Unfortunately, when it came to not having anyone find out about me spending the night in my bathroom with a pair of scissors, that was where my luck ran out. No one had said anything about it, but I was sure Isabel had told. Why else would everyone be acting so whacked? People didn’t stare and whisper because a person had a blood transfusion.
Then again, I never thought people would react so cruelly to a nosebleed.
I couldn’t prove Isabel had talked. Especially with her falling all over herself to make a phony show of concern for David’s benefit. He never witnessed her fake smiles that turned into condescending smirks the moment he turned his back, or the looks she gave me—like I wasn’t worthy of following her dog with a pooper-scooper. But he did see her accompany him to my locker, put her hand on my shoulder, and ask how I was feeling.

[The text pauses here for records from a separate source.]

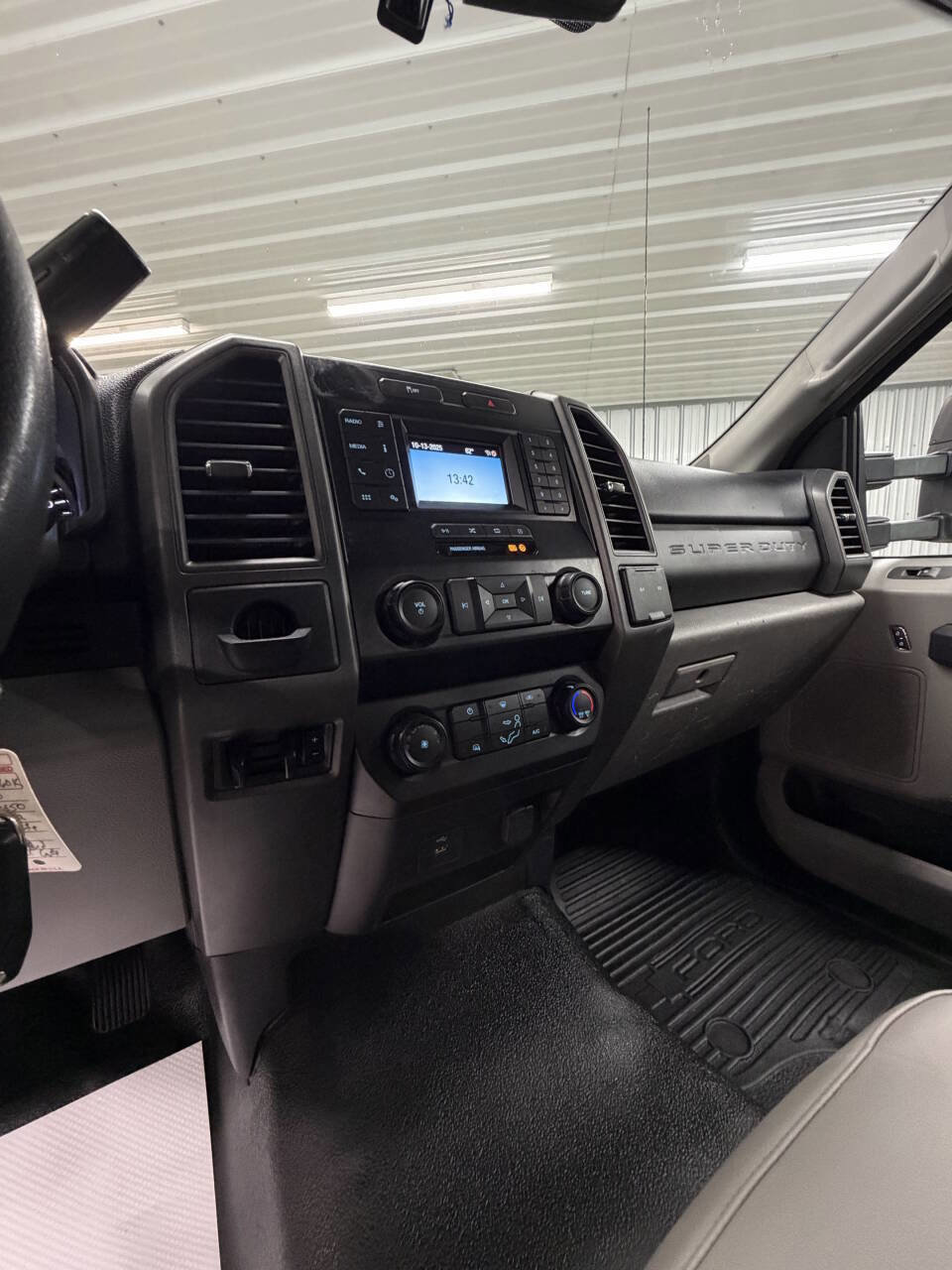 Used 2020 Ford F450 XL w/ Power Equipment Group image 45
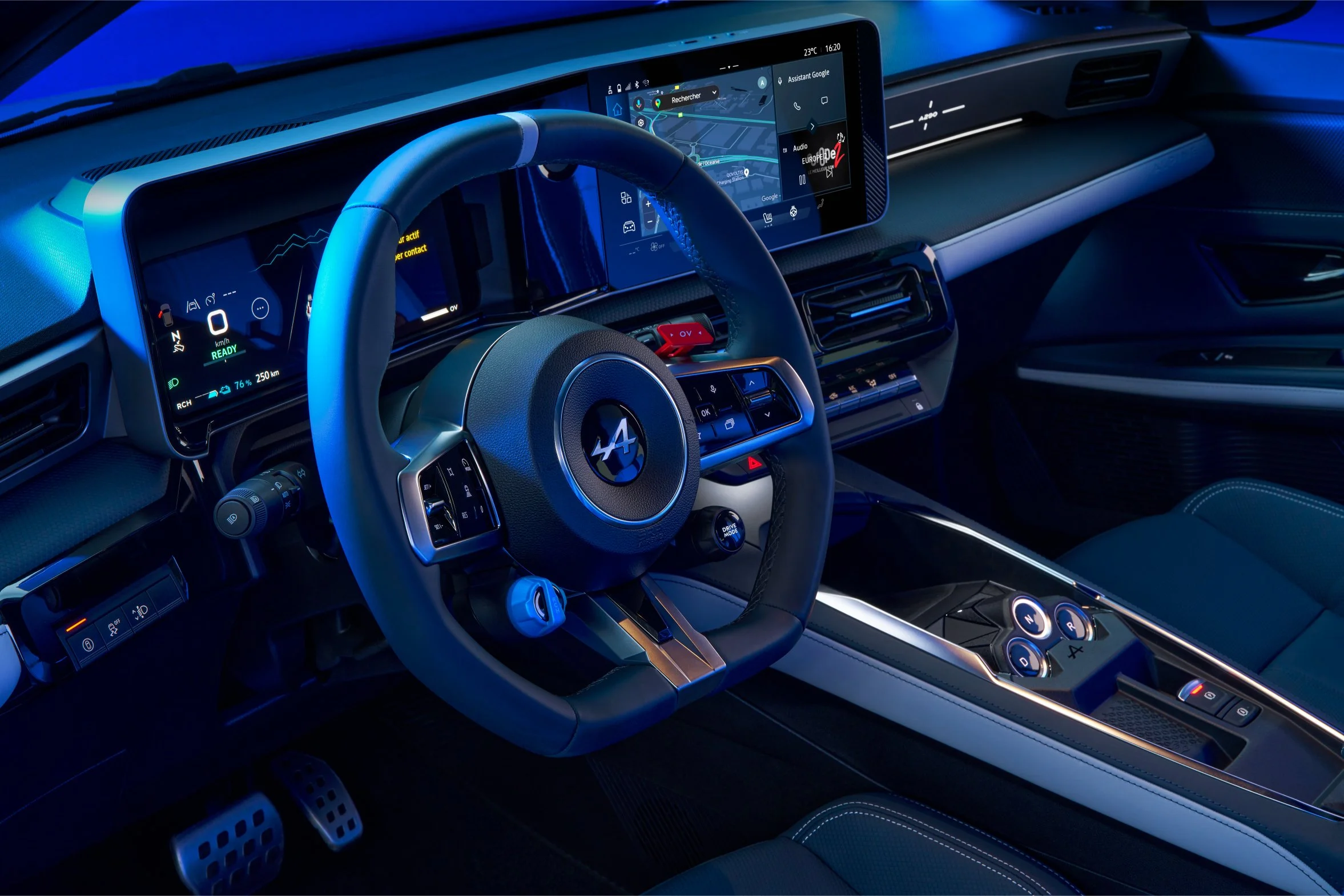 26_LOT2_INTERIEURSMAJEURS_DETAILS_Int_AlpineBlueVision_GTS_Feelatonecockpit.jpg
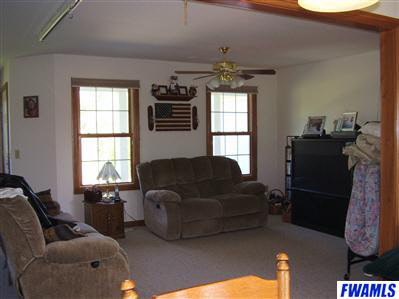 5306 Hursh Road Fort Wayne, IN 46845 - Photo 2 of 20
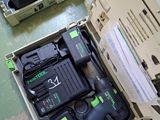 de nombreux outils différents dans la boîte posée sur la table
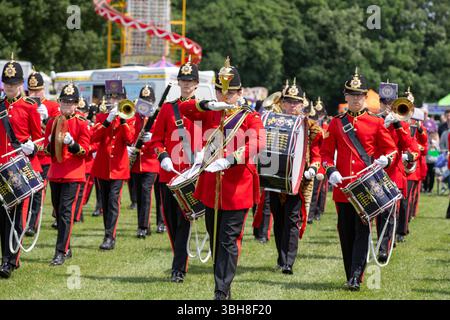 Brentwood Essex uk 8. Juni 2025 die Strawberry Fair von Brentwood kommt mit besonderer Bedeutung zum 80. Jahrestag des VE Day. Der neue Bürgermeister von Brentwood und seine Oberbürgerin Vanessa Laplain kamen mit einem Pferd und einer Kutsche von Bennett's Credit: Richard Lincoln/Alamy Live News Stockfoto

I wanted to take that hand and slam it in the metal door.
“Oh,” I said. “I’m fine. Lucky that it was nothing more serious, but I wish I could’ve gone to the dance.”
Isabel smiled, huge and fake. “Aw, Kelsey.” She flipped the ends of my hair with her finger, immediately making me self-conscious about wearing it down. “There will be other dances. Getting better is what’s most important.”